TASK INSTRUCTIONS: Restate word for word the run of lines that begins at the one containing "5 Set Yeni Okumayı" and ends at the last line of the listing.

SOURCE DATA:

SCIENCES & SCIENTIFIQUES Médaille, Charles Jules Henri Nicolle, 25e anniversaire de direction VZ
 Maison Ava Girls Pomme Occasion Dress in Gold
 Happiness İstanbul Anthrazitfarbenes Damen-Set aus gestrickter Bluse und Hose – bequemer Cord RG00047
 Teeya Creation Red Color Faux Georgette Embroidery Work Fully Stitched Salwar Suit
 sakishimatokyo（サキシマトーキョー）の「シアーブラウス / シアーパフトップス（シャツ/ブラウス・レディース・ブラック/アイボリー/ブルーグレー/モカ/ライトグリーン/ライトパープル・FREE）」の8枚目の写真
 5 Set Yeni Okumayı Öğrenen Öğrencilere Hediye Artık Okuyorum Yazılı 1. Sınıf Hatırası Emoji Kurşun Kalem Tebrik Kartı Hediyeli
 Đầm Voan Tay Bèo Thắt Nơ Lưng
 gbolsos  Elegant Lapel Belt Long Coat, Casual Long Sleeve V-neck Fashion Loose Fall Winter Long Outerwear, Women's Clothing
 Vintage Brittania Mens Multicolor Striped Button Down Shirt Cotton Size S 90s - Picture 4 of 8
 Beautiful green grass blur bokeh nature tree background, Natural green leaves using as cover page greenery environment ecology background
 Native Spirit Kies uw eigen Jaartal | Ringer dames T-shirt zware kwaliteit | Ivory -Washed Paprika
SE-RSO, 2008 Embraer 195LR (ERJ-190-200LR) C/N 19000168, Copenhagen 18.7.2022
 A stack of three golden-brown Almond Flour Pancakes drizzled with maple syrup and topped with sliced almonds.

EXERCISE OUTPUT:
 5 Set Yeni Okumayı Öğrenen Öğrencilere Hediye Artık Okuyorum Yazılı 1. Sınıf Hatırası Emoji Kurşun Kalem Tebrik Kartı Hediyeli
 Đầm Voan Tay Bèo Thắt Nơ Lưng
 gbolsos  Elegant Lapel Belt Long Coat, Casual Long Sleeve V-neck Fashion Loose Fall Winter Long Outerwear, Women's Clothing
 Vintage Brittania Mens Multicolor Striped Button Down Shirt Cotton Size S 90s - Picture 4 of 8
 Beautiful green grass blur bokeh nature tree background, Natural green leaves using as cover page greenery environment ecology background
 Native Spirit Kies uw eigen Jaartal | Ringer dames T-shirt zware kwaliteit | Ivory -Washed Paprika
SE-RSO, 2008 Embraer 195LR (ERJ-190-200LR) C/N 19000168, Copenhagen 18.7.2022
 A stack of three golden-brown Almond Flour Pancakes drizzled with maple syrup and topped with sliced almonds.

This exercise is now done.